◆ **EXERCISE DATA**:
* * * * * * *

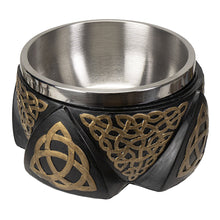 Triquetra sage burning bowl for smudging rituals, energy cleansing, and sacred space purification.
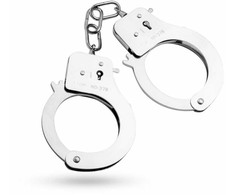 Ouch! Adjustable Metal Cuffs Sidabrinis - Secure Restraint System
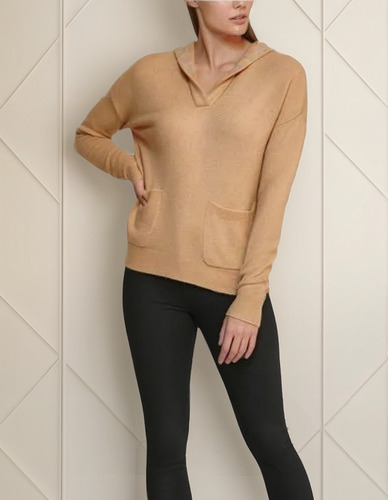 Sueter Calido Sweater Tunica Con Capucha Calvin Klein Mujer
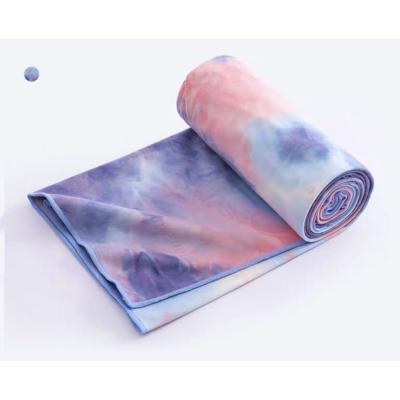 China Yoga Exercises Private Label Eco Friendly Suede Recycled Microfiber Yoga Mat Towel for sale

* * * * * * *

◆ **WHAT YOU HAVE TO DO**: Return the listing exactly as it appears, excluding any image.

◆ **TASK ANSWER**:
 Triquetra sage burning bowl for smudging rituals, energy cleansing, and sacred space purification.
 Ouch! Adjustable Metal Cuffs Sidabrinis - Secure Restraint System
 Sueter Calido Sweater Tunica Con Capucha Calvin Klein Mujer
 China Yoga Exercises Private Label Eco Friendly Suede Recycled Microfiber Yoga Mat Towel for sale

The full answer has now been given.